To date, the basic features of the framework have been subjected to preliminary testing in computer simulations and have been used for training individuals professionally concerned with conflict resolution. These efforts need to be substantially expanded and validated with data from real and simulated conflicts. The transformation from such a framework to a fully developed theory requires an interdisciplinary approach designed to capture the structure and dynamics of conflict in different domains and to test and validate specific hypotheses with experimental data. Toward that end, the proposed research plan will be implemented by a multidisciplinary research team consisting of 1) a specialist in the study of intractable conflict (Peter T. Coleman); 2) two social psychologists with expertise in the application of dynamical systems to cognitive, interpersonal, group, and societal phenomena (Andrzej Nowak and Robin Vallacher); 2) a physicist with expertise in formal descriptions and the modeling of system dynamics (Larry Liebovitch); and 3) a social anthropologist (and practitioner) who specializes in international conflict and genocide prevention (Andrea Bartoli). The research team will communicate by electronic means and meet semi-annually over three years to synthesize insights from these diverse lines of research and practice to transform the preliminary framework into an integrative dynamical theory.
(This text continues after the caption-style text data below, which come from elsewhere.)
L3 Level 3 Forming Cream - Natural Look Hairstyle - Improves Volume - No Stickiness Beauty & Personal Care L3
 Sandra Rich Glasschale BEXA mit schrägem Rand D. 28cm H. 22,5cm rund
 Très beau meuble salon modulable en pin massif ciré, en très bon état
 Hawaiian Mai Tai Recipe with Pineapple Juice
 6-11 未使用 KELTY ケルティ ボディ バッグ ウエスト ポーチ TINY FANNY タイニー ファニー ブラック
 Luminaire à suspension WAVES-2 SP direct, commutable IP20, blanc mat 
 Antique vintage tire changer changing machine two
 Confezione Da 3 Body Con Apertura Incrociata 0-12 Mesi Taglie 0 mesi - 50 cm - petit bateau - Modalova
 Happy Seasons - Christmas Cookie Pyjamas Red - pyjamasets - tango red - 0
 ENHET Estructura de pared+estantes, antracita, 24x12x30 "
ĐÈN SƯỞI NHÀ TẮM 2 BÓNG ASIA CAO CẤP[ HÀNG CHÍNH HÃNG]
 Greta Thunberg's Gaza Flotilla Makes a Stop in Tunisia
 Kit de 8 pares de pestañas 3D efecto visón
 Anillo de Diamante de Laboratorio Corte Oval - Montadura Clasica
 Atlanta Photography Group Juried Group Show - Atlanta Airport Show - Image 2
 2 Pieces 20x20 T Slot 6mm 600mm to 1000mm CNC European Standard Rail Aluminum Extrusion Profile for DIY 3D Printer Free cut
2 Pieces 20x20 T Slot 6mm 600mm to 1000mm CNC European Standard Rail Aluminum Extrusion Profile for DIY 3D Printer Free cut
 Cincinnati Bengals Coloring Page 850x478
The theoretical framework will be tested, validated, and revised from the results of the case studies, laboratory experiments, and computer simulations described in the Research Plan. The usefulness of the resultant theory will be continuously monitored and refined by frequent educational and training implementations for various groups of practitioners in the area of conflict resolution. Ultimately, the theory will be used for training individuals involved in conflict resolution and disseminated for broader educational purposes. This emergent dynamical theory, suitably validated and refined by experimental data, is anticipated to provide understanding of the progression of conflict that leads to intractability, enable analysis of existing intractable conflicts, and offer practical scenarios for the resolution of seemingly intractable conflicts. The theory will be written in the language of the social sciences, but the concepts will have counterparts in the mathematical descriptions of attractors from the physical sciences that are sufficiently precise to provide the basis for computer simulation testing of the model.

This project will have a very broad impact and intellectual merit by providing a robust theoretical model validated through case studies, laboratory experiments, and computer simulations that has utility for scholars, policy-makers, and conflict-practitioners in preventing and addressing protracted social conflict. Too often, those people most affected by such conflicts, or best situated to address them, come to feel hopelessly overwhelmed by their complexity. Our work will provide a way to translate the insights and intuitions of stakeholders and conflict resolution practitioners into a theory that contributes to the reduction of human suffering worldwide. The broad range of ethnic, racial, and geographic diversity in the field case studies, and the investigators themselves, ensures the diversity of the project. The results of our project will be disseminated through published papers, conference presentations, educational offerings and educational curricula made widely available through the project’s website.